Huawei claims the system will also be able to run maintenance routines overnight, clear out the cruft and keep the phone running like new two years down the line. Compared with previous versions of the company’s software, it is expected to run 80% faster after a year.
The Mate 9’s large battery also has Huawei’s new fast-charging system, which like OnePlus’s Dash Charge, moves some of the electronics required to safely charge a battery at high voltage into the charger. The company claims that the new charge system will be able to reach 58% battery capacity in 30 minutes, with a full charge in 90 minutes.

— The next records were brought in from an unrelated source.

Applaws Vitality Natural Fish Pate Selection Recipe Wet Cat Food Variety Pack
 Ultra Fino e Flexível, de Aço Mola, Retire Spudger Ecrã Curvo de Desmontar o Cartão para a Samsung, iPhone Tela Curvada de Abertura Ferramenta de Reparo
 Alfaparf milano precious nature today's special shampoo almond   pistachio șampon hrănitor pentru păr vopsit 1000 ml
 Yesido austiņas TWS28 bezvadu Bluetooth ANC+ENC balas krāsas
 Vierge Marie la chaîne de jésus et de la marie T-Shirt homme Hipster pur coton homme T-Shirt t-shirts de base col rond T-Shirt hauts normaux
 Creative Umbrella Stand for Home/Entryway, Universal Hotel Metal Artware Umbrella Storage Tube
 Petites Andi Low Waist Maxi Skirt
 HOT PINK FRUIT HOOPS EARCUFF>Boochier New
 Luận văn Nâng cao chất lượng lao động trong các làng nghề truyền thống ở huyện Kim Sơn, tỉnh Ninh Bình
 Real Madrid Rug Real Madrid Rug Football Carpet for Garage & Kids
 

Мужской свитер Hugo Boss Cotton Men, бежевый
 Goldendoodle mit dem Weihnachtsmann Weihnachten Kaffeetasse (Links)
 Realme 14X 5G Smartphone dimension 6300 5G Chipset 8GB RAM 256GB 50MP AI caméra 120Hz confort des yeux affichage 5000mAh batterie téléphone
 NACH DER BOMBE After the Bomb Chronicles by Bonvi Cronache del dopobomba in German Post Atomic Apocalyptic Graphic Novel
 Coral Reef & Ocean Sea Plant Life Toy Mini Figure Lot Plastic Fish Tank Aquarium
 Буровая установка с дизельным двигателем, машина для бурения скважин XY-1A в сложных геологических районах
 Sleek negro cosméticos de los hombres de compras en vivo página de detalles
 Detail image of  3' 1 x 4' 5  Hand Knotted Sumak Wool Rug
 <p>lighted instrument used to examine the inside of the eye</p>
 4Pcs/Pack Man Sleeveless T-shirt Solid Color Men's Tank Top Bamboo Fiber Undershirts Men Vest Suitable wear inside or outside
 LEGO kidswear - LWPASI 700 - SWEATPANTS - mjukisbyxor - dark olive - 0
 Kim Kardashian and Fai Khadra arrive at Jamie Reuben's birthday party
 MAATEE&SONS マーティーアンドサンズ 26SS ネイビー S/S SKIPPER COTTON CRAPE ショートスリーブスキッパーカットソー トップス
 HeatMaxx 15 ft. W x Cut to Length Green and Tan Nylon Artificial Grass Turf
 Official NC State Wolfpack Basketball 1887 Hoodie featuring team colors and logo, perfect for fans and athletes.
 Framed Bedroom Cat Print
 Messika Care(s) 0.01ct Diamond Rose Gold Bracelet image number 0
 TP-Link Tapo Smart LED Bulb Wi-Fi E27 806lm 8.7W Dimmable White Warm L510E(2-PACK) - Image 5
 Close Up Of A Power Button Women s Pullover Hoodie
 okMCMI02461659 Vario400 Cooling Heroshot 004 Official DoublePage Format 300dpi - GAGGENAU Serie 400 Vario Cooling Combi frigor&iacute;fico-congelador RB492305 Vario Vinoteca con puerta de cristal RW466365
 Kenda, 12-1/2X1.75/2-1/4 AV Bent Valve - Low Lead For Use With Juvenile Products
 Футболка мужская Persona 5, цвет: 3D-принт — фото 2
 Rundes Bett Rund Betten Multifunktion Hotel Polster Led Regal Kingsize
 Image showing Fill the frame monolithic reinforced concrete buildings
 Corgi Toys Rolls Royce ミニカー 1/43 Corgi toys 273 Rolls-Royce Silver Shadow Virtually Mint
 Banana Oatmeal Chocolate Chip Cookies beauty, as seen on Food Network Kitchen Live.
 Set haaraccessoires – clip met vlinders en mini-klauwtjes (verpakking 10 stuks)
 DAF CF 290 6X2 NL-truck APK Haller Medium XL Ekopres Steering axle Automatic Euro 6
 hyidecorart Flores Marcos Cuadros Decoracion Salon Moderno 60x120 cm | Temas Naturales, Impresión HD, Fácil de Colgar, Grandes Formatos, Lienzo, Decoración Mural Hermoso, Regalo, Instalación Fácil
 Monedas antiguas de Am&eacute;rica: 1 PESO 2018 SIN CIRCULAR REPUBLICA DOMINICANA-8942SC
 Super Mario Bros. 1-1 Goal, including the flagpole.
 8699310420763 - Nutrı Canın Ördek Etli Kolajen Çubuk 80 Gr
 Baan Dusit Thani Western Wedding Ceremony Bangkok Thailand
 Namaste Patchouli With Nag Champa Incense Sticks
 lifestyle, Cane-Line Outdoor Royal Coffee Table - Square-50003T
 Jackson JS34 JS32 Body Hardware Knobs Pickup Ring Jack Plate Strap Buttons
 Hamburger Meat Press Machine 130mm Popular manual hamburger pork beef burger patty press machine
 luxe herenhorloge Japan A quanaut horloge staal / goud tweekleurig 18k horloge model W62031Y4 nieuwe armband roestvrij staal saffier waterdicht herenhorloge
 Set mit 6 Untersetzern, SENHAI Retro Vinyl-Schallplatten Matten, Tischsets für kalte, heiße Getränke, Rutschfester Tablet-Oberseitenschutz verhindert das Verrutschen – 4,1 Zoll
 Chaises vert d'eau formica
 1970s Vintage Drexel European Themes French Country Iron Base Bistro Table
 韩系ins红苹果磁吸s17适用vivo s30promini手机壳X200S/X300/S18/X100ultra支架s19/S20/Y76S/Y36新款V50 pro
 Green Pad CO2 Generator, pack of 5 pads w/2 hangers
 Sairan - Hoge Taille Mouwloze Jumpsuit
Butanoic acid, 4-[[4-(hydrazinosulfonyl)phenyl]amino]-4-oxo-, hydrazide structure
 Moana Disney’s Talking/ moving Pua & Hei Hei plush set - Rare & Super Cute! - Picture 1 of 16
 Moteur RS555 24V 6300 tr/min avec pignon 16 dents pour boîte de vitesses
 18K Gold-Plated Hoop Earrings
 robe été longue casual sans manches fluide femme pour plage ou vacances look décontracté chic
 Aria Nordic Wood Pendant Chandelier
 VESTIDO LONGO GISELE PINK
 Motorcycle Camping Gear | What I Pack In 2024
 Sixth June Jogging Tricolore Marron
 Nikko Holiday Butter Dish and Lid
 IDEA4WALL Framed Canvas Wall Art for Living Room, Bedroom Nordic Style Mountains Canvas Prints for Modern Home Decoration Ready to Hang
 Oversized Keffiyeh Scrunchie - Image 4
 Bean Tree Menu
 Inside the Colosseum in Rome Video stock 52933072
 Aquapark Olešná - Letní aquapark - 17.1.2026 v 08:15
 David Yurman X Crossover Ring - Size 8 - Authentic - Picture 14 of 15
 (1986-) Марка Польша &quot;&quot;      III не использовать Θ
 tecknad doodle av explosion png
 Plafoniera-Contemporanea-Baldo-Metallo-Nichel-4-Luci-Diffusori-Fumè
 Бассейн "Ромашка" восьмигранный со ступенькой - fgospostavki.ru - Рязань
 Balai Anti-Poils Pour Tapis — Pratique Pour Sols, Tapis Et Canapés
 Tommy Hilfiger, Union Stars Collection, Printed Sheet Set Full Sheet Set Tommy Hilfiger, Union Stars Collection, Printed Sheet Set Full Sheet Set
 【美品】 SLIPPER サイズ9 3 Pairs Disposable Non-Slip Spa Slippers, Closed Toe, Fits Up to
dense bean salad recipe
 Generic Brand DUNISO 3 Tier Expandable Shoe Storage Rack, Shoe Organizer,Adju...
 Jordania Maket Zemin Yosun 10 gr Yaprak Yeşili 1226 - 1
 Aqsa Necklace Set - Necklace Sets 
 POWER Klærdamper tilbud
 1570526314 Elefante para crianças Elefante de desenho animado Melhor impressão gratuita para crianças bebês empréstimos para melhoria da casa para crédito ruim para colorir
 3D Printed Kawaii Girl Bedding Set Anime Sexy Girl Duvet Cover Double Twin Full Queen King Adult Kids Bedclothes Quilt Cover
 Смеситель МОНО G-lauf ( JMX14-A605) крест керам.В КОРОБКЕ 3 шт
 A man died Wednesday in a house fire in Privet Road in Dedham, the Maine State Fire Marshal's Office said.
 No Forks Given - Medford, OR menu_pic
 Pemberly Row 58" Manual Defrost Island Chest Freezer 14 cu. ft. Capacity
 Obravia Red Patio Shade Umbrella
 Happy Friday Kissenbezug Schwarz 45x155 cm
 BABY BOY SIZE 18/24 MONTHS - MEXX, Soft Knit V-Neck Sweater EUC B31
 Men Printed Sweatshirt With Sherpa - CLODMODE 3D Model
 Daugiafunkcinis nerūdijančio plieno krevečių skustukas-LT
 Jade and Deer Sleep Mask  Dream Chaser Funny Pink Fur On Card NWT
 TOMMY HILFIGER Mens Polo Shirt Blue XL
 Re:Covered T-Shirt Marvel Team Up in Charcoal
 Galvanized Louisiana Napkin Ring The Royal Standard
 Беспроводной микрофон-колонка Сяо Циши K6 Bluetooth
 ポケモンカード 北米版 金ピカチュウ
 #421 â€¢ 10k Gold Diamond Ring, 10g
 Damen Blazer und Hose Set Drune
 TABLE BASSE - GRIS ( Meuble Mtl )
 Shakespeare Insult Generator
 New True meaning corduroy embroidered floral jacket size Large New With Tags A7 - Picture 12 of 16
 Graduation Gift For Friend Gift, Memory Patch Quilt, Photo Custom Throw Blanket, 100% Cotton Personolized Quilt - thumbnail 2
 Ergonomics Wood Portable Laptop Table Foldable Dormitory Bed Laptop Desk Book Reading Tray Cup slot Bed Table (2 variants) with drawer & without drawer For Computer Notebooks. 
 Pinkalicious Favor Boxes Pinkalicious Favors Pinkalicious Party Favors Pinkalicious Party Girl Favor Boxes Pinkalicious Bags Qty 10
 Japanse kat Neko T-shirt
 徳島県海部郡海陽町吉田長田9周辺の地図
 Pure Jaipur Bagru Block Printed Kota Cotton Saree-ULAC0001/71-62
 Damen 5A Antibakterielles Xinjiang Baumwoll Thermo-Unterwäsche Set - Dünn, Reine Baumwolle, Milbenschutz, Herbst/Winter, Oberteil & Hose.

“Battery management research and development is performed in house, and given recent developments we’ve upped research and development spend to make sure nothing similar can happen. We spend a year qualifying and testing components such as batteries both internally and externally before going on sale,” said Ed Gemmell, Huawei’s consumer business group director of communications.
Tablet sales, along with PC sales, are shrinking, as more people use their smartphone as their primary computing device. But whether European and US consumers will take to such a large smartphone remains to be seen.
A limited edition Mate 9 Porsche Design variant, with a smaller 5.5in quad HD curved screen and similar specifications will also be available in the UK and EU costing €1,395 (£1,238), but not in the US.